Guangzhou Morning Tea and Xiguan Charm
People from Guangzhou often say "Food is in Guangzhou," but it wasn't until I actually arrived here that I realized β this phrase isn't an adjective, it's a verb. At eight in the morning, I was already seated in the main hall of Dian Dou De, with a dense dim sum menu spread out before me.

The shrimp dumplings arrived first. The wrapper was so thin you could see the pink shrimp inside. One bite and the sweet, savory juices burst out β this was a completely different species from the frozen har gow I'd had up north. The red rice roll was another surprise: the outer layer was soft and glutinous, the middle crispy, the inside springy and bouncy. Dipped in a little peanut sauce, the layers were so distinct they felt almost engineered.

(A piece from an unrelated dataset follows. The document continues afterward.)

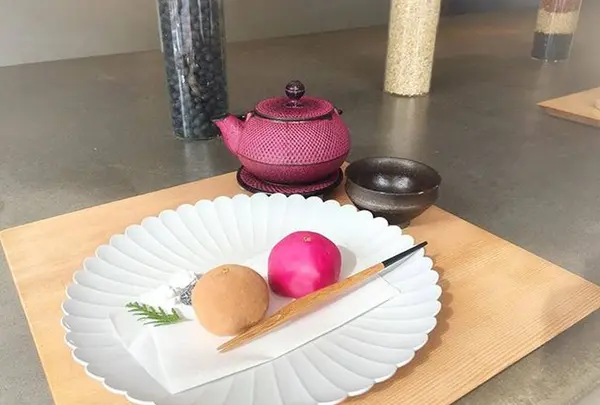 餅匠 しづく 新町店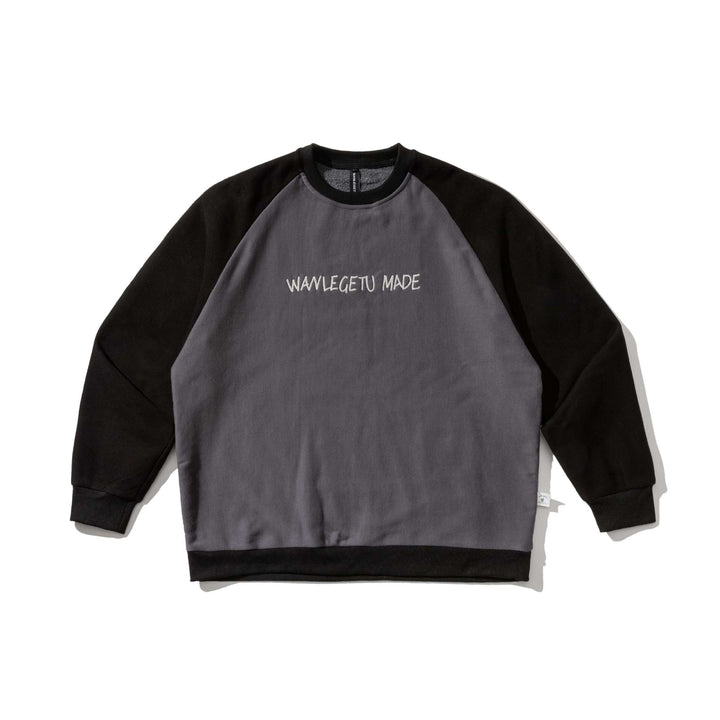 Men's raglan sweatshirt with embroidered logo and contrast sleeves made of lightweight terry Mune Fashion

And of course, there were the chicken feet and honeycomb tripe, richly steeped in sauce, steamed to perfection.
By the time we finished morning tea, it was nearly eleven. Walking along Longjin West Road towards Lychee Bay, the arcade buildings lining the street pulled you straight back into old Guangzhou. The waterway at Lychee Bay wasn't wide, flanked by old-style Xiguan mansions and renovated faux-antique buildings. Black-canopied boats drifted slowly by, and the boatwoman occasionally hummed a few lines of Cantonese opera. I walked along the waterfront for a while, the air thick with the scent of banyan trees and rippling water. The clamor of the city seemed sealed off behind an invisible door.

In the afternoon I headed to Yongqing Fang. This is a cultural-creative neighborhood transformed from old Xiguan, where the green brick walls, Manchurian windows, and horizontal sliding doors have all been preserved, yet inside they've become independent bookstores, craft workshops, and boutique coffee shops. The Cantonese Opera Art Museum is right next door. I wandered through it for a while β the exhibition hall displayed ornate costumes and headdresses, and an old record played "The Emperor's Daughter" on loop. That lilting melody had a way of quietly calming you down.

By the time I stepped out of Yongqing Fang, dusk was falling. A tricycle jingled past, and under the arcade, an old man began packing up his mahjong table. The old quarter of Guangzhou has a kind of unhurried certainty about it β no matter how the outside world changes, it keeps drinking its tea, keeps singing its operas.